● **Task requirements**
The answer must consist of every line from the entries that holds the word "High".

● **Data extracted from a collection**

--- START ---

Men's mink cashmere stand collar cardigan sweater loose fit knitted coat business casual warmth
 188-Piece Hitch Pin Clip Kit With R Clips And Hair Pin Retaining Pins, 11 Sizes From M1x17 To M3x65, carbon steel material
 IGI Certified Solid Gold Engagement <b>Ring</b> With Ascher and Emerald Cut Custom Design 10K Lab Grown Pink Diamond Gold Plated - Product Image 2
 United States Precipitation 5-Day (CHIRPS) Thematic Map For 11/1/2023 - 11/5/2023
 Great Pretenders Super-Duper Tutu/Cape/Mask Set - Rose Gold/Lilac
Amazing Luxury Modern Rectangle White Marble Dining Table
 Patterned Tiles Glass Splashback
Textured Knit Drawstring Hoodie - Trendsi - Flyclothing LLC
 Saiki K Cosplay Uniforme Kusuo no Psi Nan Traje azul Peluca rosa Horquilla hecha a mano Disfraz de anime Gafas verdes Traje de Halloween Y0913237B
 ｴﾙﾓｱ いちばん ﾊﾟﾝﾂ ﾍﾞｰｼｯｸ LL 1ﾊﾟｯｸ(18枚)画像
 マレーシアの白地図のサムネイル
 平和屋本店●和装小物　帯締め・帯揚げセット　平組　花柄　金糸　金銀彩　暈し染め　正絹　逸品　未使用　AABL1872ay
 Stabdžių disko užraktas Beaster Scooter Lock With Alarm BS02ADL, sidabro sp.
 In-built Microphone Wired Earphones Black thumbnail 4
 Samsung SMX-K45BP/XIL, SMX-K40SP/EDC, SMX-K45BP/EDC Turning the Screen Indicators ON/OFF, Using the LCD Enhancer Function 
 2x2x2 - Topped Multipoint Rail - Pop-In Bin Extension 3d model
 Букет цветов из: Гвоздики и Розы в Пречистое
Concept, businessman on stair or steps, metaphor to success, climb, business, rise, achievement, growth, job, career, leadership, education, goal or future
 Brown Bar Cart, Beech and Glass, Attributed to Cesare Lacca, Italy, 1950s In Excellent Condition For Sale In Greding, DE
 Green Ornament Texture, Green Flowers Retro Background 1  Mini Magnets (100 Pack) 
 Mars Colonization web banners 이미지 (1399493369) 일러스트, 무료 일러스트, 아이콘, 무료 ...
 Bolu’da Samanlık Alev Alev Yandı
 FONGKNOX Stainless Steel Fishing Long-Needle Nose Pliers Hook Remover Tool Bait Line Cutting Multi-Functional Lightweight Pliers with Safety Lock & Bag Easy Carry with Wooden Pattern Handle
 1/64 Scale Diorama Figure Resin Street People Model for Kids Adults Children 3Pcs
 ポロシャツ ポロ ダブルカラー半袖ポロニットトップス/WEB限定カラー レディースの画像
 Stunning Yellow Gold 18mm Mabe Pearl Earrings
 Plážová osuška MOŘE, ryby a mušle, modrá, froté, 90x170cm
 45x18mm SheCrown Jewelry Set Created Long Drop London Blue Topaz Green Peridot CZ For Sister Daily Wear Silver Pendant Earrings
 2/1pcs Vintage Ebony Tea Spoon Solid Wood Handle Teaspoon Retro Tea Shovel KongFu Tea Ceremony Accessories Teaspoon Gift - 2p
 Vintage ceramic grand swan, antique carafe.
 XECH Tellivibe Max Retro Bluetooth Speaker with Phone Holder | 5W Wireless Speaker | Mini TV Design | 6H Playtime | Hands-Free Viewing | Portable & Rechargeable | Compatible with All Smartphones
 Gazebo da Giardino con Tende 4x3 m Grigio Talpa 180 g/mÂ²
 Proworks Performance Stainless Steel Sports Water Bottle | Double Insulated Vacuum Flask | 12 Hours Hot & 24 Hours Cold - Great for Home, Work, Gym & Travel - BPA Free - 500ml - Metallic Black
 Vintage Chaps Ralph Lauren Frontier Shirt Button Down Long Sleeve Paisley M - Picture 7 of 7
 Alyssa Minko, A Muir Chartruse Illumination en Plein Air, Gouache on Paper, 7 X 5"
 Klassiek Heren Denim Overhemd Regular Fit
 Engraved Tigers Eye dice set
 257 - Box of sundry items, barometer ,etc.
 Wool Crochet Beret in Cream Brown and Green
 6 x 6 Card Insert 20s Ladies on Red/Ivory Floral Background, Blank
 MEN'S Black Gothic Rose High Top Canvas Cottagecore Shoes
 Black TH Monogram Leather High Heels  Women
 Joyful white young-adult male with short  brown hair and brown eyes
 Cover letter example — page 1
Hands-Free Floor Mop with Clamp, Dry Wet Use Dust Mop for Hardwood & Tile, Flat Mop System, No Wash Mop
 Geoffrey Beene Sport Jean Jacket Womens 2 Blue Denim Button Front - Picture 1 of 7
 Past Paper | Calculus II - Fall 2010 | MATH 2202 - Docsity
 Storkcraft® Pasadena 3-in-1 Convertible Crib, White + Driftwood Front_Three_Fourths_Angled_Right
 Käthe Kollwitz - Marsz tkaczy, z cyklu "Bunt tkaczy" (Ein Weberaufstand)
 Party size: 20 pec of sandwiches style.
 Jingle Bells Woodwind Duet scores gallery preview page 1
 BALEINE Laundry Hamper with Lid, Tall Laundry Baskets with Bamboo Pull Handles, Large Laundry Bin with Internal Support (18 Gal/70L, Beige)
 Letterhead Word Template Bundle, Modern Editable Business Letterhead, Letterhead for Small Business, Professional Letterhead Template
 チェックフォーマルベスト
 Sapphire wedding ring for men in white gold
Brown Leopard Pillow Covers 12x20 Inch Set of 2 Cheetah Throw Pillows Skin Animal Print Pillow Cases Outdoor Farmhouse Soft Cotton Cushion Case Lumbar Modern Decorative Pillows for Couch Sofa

--- END ---

● **Exercise answer**
 MEN'S Black Gothic Rose High Top Canvas Cottagecore Shoes
 Black TH Monogram Leather High Heels  Women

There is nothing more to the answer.